Private mixed-sex secondary school planned for Jersey

Private mixed-sex secondary school planned for Jersey

Local entrepreneur Stephen Fern said that the King George VI School would be a fully independent school for Years 7 to 13, and located in the west of the Island.

Mr Fern has been working on the idea of a fully private, mixed-gender secondary school for over two years with his partner, Lucy Carro.

He has eight children – four with Ms Carro – and has first-hand knowledge of building and running a school, having founded OTC Professional Education in the 1990s, which was later sold to the BPP Professional Education Group.

He said there was strong demand for a private, co-educational senior school in Jersey but one of the biggest hurdles faced by those interested in setting up a new school was finding a site.

But now a suitable location has been found and Mr Fern and Ms Carro are in the process of purchasing it.

‘No site can ever be completely perfect,’ he said. ‘There are always hurdles but with this site, there was no hurdle which was insurmountable.’

While he could not divulge the exact location yet, it will be located outside town and central-west.

‘We did not want to add to the chaos of the town school run,’ Mr Fern said.

The backers plan to use modern, eco-friendly, prefabricated buildings on the site to create an environment where children are inspired to learn and feel part of nature.

While he expects it will draw heavily from students at Jersey’s private prep schools – St George’s and St Michael’s – Mr Fern is not interested in creating a grades factory.

‘The prime motivation is to offer an alternative to Jersey’s same-sex secondaries, while building a school focused on personal development across a child’s range of interests and talents,’ he said.

‘I suspect we will look back on single-sex schools in 20 years time and see them the way we view racially segregated schools now – as un-natural and outdated,’ Mr Fern said.

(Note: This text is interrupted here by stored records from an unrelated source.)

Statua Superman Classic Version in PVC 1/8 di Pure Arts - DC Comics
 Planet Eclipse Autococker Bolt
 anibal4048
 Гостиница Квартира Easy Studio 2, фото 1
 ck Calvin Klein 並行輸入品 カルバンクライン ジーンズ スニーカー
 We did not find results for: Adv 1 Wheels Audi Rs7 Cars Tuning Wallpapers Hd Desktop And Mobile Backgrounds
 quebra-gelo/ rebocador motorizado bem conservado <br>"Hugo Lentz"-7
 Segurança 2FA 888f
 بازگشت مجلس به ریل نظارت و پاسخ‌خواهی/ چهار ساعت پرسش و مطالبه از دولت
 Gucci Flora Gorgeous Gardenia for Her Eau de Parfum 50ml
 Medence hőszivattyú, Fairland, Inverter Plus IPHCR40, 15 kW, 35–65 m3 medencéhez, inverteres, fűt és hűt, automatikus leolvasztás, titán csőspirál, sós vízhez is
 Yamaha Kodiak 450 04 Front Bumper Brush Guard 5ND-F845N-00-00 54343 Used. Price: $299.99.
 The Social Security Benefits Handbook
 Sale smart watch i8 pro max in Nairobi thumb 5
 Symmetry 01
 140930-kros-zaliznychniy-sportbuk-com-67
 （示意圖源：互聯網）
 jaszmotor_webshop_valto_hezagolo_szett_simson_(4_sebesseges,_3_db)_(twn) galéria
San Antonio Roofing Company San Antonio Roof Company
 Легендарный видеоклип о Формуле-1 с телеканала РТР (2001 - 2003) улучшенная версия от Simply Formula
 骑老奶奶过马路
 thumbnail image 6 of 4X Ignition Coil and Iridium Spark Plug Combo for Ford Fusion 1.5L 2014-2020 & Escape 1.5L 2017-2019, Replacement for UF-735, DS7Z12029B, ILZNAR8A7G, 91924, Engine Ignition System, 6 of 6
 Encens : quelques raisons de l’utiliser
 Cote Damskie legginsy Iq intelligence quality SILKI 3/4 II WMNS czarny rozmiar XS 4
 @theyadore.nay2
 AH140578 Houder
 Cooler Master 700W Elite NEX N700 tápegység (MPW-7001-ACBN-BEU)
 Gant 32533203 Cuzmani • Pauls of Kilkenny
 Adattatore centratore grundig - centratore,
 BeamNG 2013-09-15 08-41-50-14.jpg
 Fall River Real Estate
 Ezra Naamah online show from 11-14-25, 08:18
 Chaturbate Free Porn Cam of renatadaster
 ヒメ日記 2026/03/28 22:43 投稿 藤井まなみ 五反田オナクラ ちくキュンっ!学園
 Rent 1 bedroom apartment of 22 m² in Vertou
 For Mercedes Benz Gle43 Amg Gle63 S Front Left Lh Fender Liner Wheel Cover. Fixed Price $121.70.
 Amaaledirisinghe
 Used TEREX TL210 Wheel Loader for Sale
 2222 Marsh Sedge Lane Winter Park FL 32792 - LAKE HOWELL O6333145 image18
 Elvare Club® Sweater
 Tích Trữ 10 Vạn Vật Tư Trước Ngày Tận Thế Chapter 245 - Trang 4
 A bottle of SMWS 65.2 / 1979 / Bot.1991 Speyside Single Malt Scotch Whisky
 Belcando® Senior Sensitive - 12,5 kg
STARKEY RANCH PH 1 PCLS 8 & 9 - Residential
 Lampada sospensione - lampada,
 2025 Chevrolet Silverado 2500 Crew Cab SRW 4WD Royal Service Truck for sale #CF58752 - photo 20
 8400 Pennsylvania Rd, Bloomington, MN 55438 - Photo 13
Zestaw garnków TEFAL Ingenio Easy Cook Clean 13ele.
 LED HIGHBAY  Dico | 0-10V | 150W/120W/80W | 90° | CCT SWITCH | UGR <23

Momentum for the school has picked up over the last four weeks, and while things can always happen to cause delays, Mr Fern said the hope is that the first classes can enter Years 7, 8 and 9 at the new school in September 2020 and that it will have the ability to offer the International Baccalaureate by 2021.

The school will aim for class sizes of 20 and, when the full complement of year groups have been built up for Years 7 through to 13, will cater to over 200 students.

Fees will be in line with the Island’s private preparatories – currently around £5,000 each term for students in the upper years – but the hope is to offer scholarships in order to make it as inclusive as possible.

King George VI is currently registering interest through a private Facebook group, Jersey Private Co-educational School, and assembling a board.

The backers want to offer a learning environment where excellence is not measured by grades alone and children can ‘explore real life, friendships, fresh air and humanity’, the site says.

The school hopes to cater to ‘kind, caring and empathetic children motivated to do well and succeed by reaching for the sky rather than trampling on others’.

Mr Fern said he is committed to assembling a first-class group of teachers. ‘My father was a teacher and they are often greatly undervalued by society,’ he said. ‘We want to recruit the most inspiring teachers and the pay will reflect that we see them as being the best of the best.’